No, natural selection doesn't have a mind, and DOESN'T CARE ABOUT ANYTHING.
We care. Natural selection made us to care. But natural selection itself doesn't give a damn. Thou Shalt Not Anthropomorphize Natural Selection.
Again irrelevant.
Gravity also made me, since it held me and my ancestors on the planet, and gravity only cares about mass, by which argument harm must be anything that reduces my mass. Because gravity only cares about mass.
Your argument is nothing but a mishmashed jumble of anthropomorphisms, imaginary duties to the impersonal processes that created, and term confusions.
You're effectively saying two things: We should redefine "harm" to mean something different than people think when they talk about "harm", because natural selection intended "harm" to mean something else, and when our human intuitions come in conflict with natural selection's "intent" we must obediently bow to our creator's intent.
Well our creator was not just stupid, it was utterly brainless and purposeless and intentionless. So we ought to screw what natural selection thinks, because it DOES NOT THINK.
Anthropomorphic terminology for natural selection is standard and well understood. Darwin used it, explicitly making the analogy between conscious breeding and natural. Those who use it correctly demonstrate that they read Darwin. Those who fuss about it inappropriately demonstrate that they did not read Darwin.
I fussed over it appropriately, as Constant seemed to have kept forgetting that natural selection, being blind deaf and stupid, isn't obliged to result in our intuitions of harm coincide with direct influence on reproductive capacity.

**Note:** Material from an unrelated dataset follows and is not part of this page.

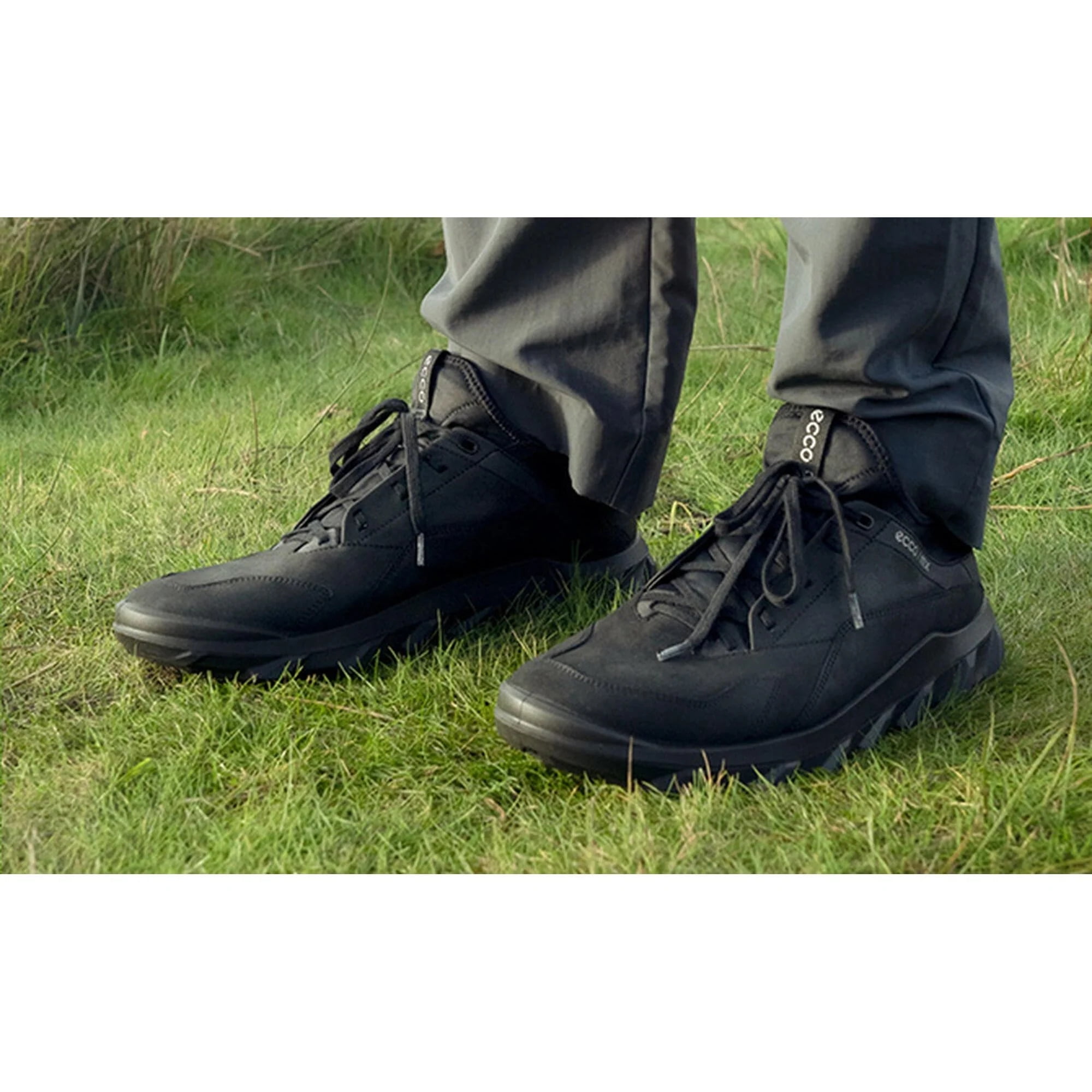 Ecco Men s MX Low Shoe in Black Oil Nubuck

And also, indeed I've not read Darwin (Other significant scientists I've not read: Galileo, Copernicus, Newton). Why does it matter for the purposes of this argument whether I've read Darwin or not? You seem to be playing status games (i.e. "haha, I've read Darwin and you have not") instead of focusing on the merits or demerits of the argument itself.
But it will make our intuitions about harm correspond to diminished capability to survive and reproduce well enough. Our intuitions about harm were formed as if for the purpose of ensuring we would avoid impairment to our capability to survive and reproduce, in the sense that our eyes were formed as if for the purpose of seeing.
Darwin then, after explicitly explaining the "as if", made the analogy with a human breeder consciously breeding to a purpose, and then proceeded with anthropomorphic language.